• _DATASET_:
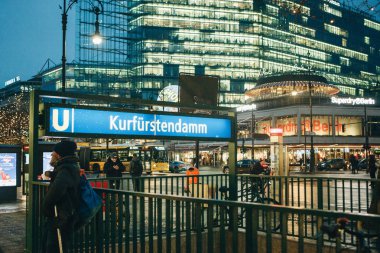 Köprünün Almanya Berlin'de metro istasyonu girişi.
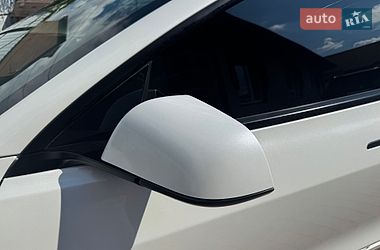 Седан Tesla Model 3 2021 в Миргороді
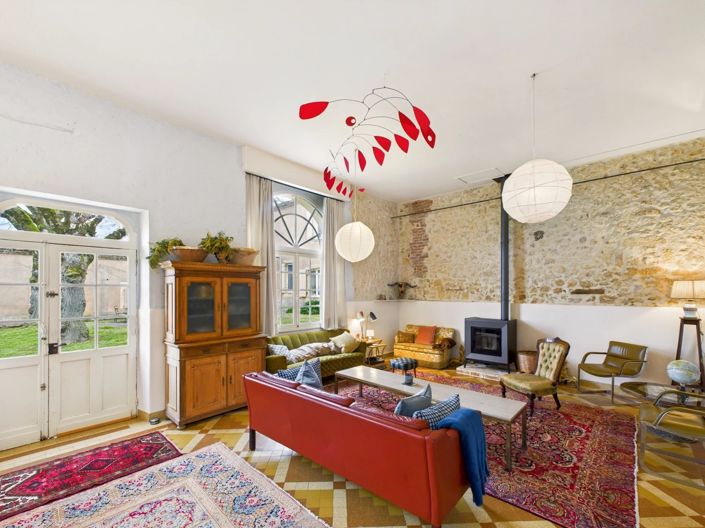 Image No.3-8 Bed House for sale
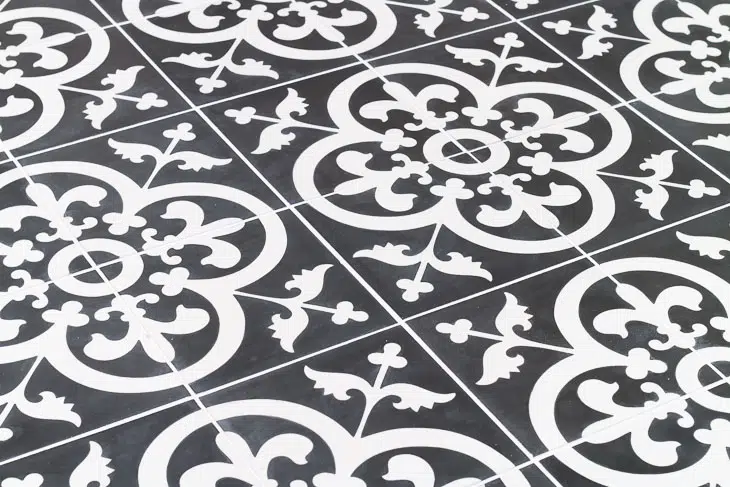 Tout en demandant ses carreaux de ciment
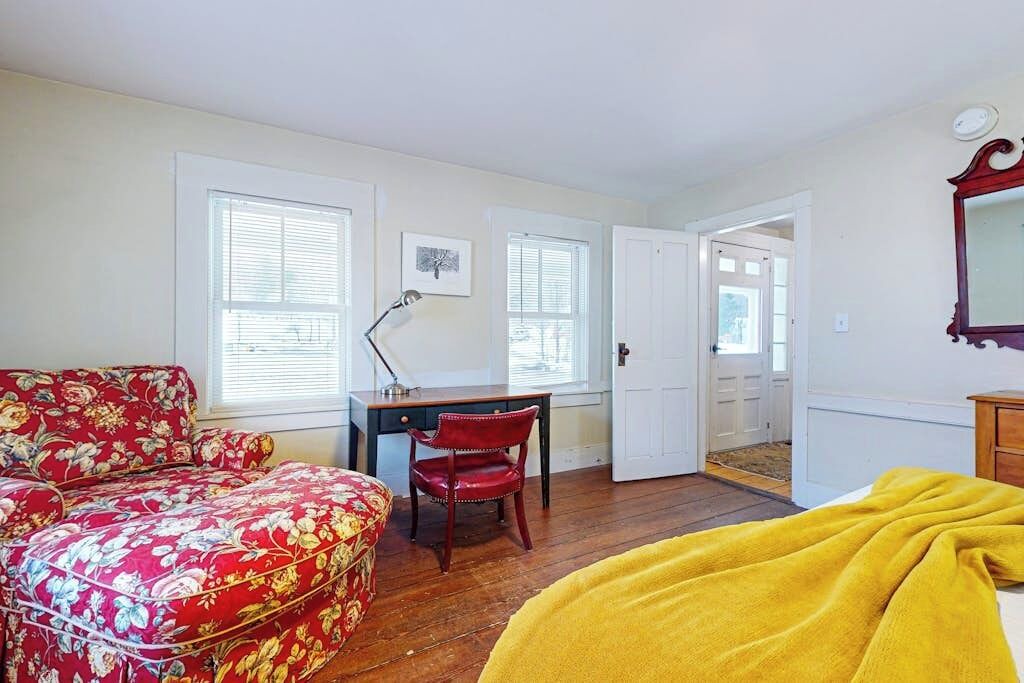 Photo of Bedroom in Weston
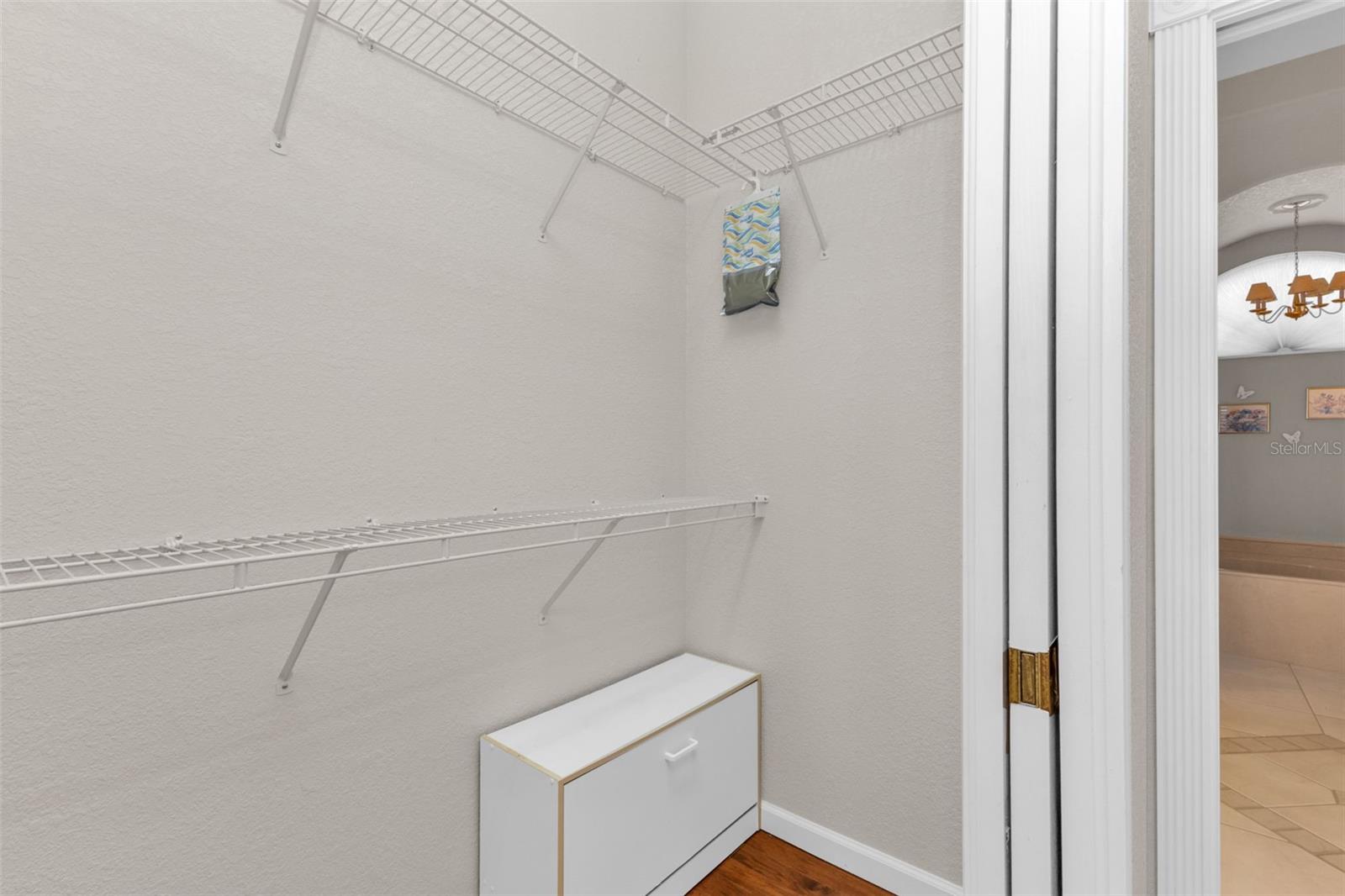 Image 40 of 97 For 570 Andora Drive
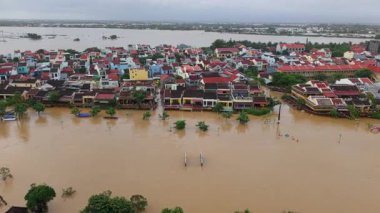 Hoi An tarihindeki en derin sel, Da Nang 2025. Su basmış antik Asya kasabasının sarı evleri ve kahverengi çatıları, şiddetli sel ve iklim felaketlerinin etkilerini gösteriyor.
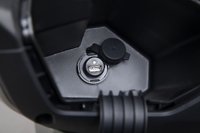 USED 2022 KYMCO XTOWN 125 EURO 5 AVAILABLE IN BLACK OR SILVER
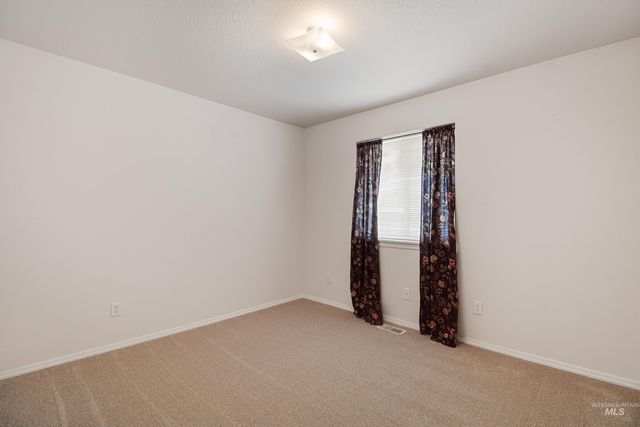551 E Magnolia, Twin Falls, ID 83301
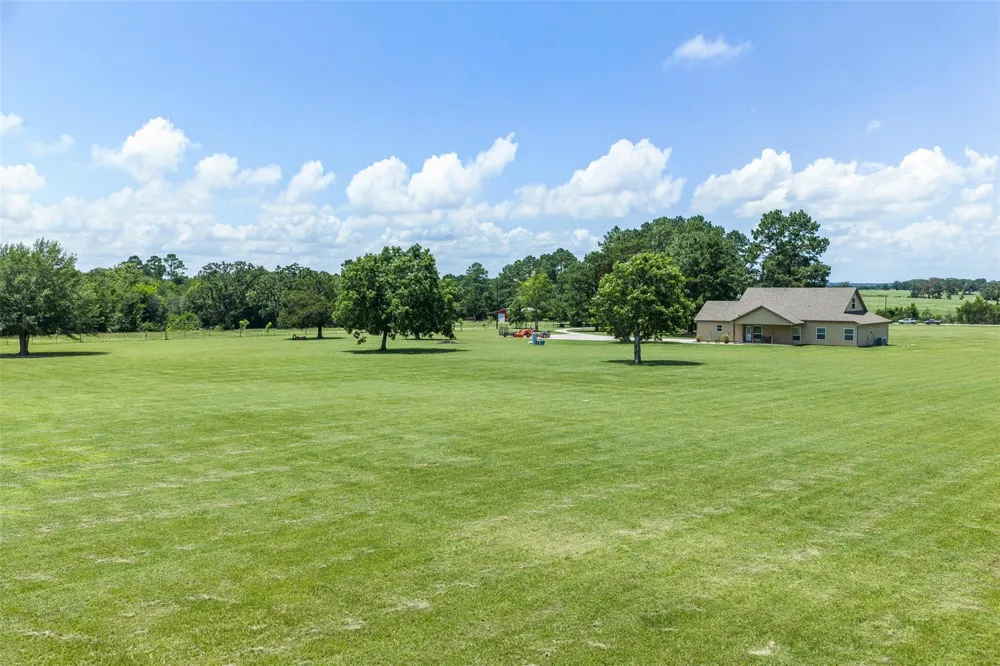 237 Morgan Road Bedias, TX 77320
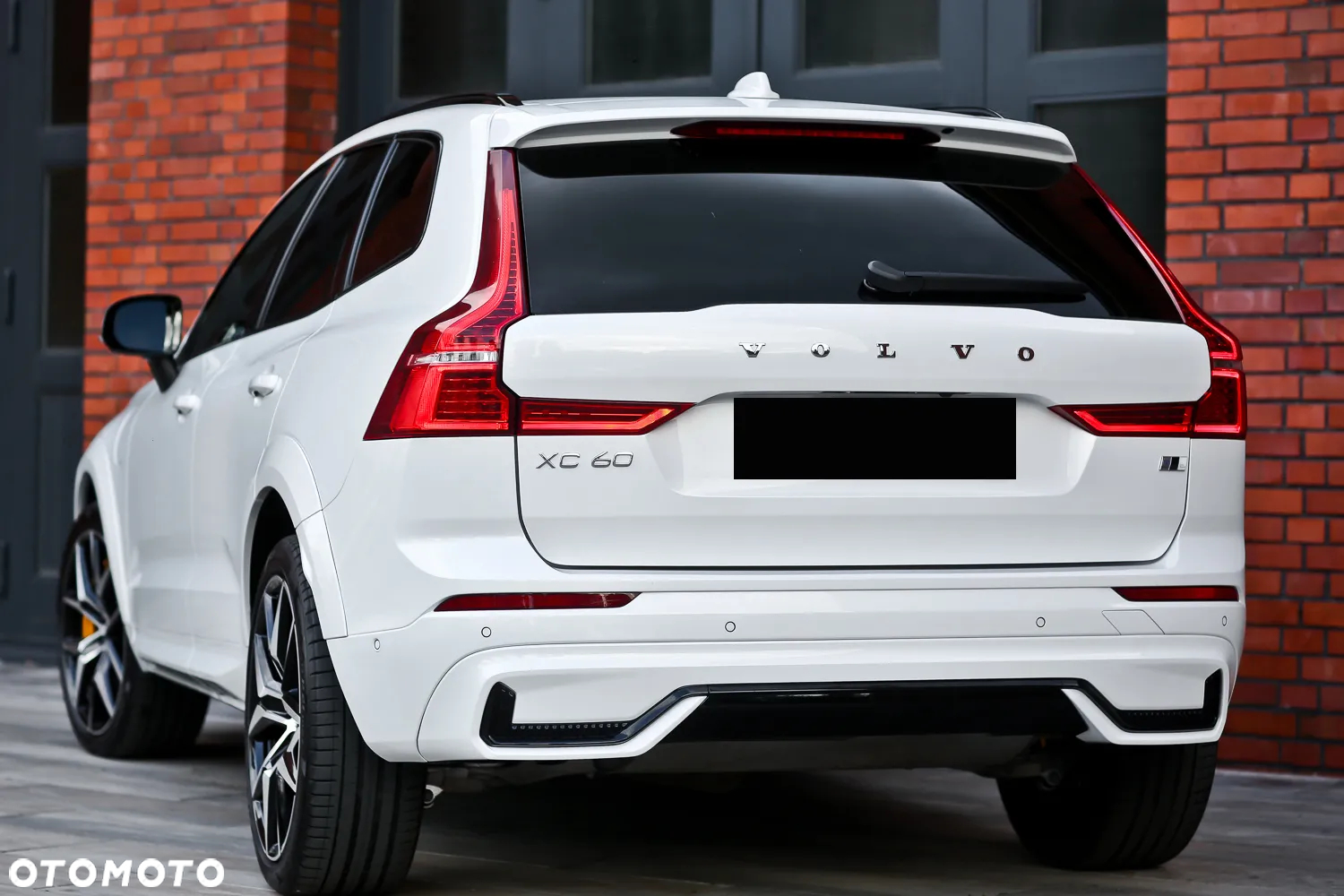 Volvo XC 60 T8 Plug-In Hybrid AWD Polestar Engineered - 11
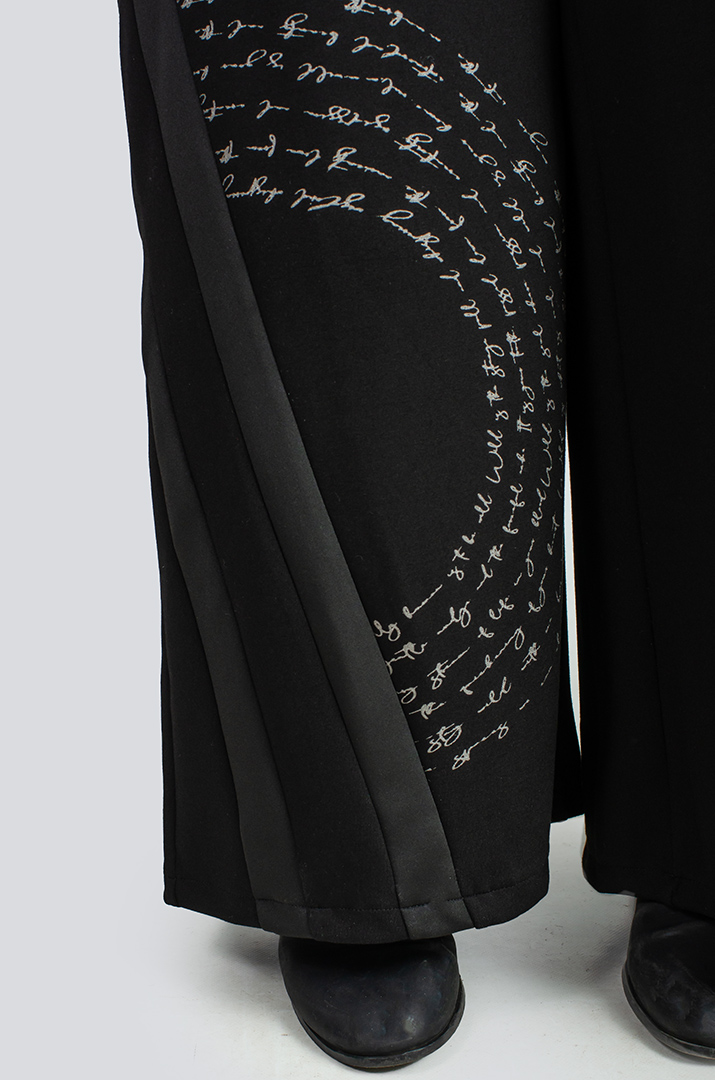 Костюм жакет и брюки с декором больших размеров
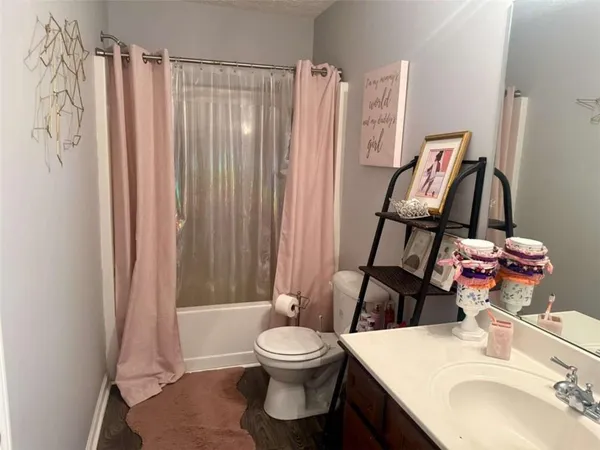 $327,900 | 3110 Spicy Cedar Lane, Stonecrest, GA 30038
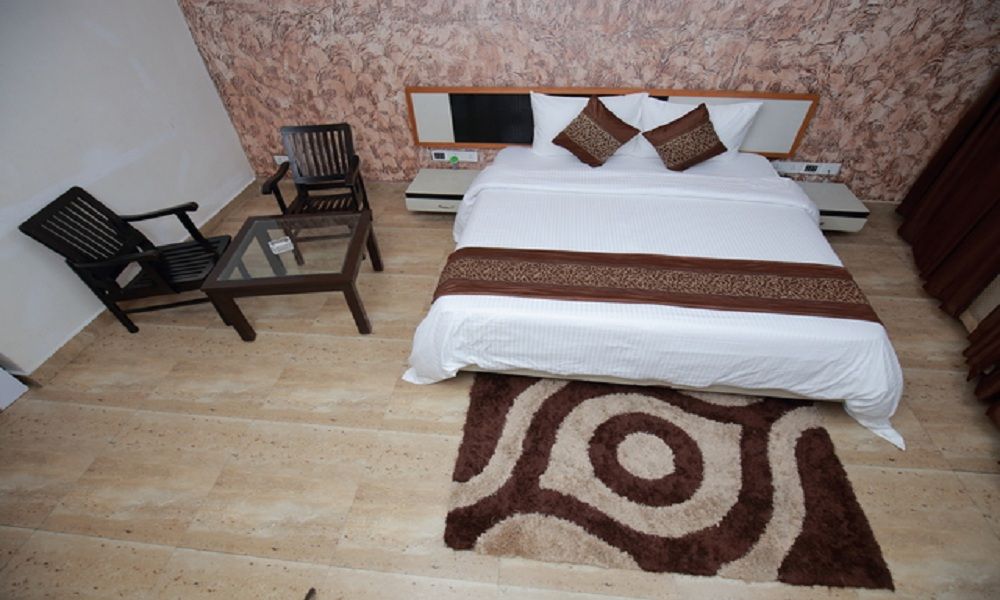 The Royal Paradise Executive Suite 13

• _EXERCISE OBJECTIVE_:
Take the line that contains "Седан Tesla Model 3 2021 в Миргороді" and every line after it down to the last line of the entries above, and output them exactly, with nothing else and no pictures.

• _EXERCISE OUTPUT_:
 Седан Tesla Model 3 2021 в Миргороді
 Image No.3-8 Bed House for sale
 Tout en demandant ses carreaux de ciment
 Photo of Bedroom in Weston
 Image 40 of 97 For 570 Andora Drive
 Hoi An tarihindeki en derin sel, Da Nang 2025. Su basmış antik Asya kasabasının sarı evleri ve kahverengi çatıları, şiddetli sel ve iklim felaketlerinin etkilerini gösteriyor.
 USED 2022 KYMCO XTOWN 125 EURO 5 AVAILABLE IN BLACK OR SILVER
551 E Magnolia, Twin Falls, ID 83301
 237 Morgan Road Bedias, TX 77320
 Volvo XC 60 T8 Plug-In Hybrid AWD Polestar Engineered - 11
 Костюм жакет и брюки с декором больших размеров
 $327,900 | 3110 Spicy Cedar Lane, Stonecrest, GA 30038
 The Royal Paradise Executive Suite 13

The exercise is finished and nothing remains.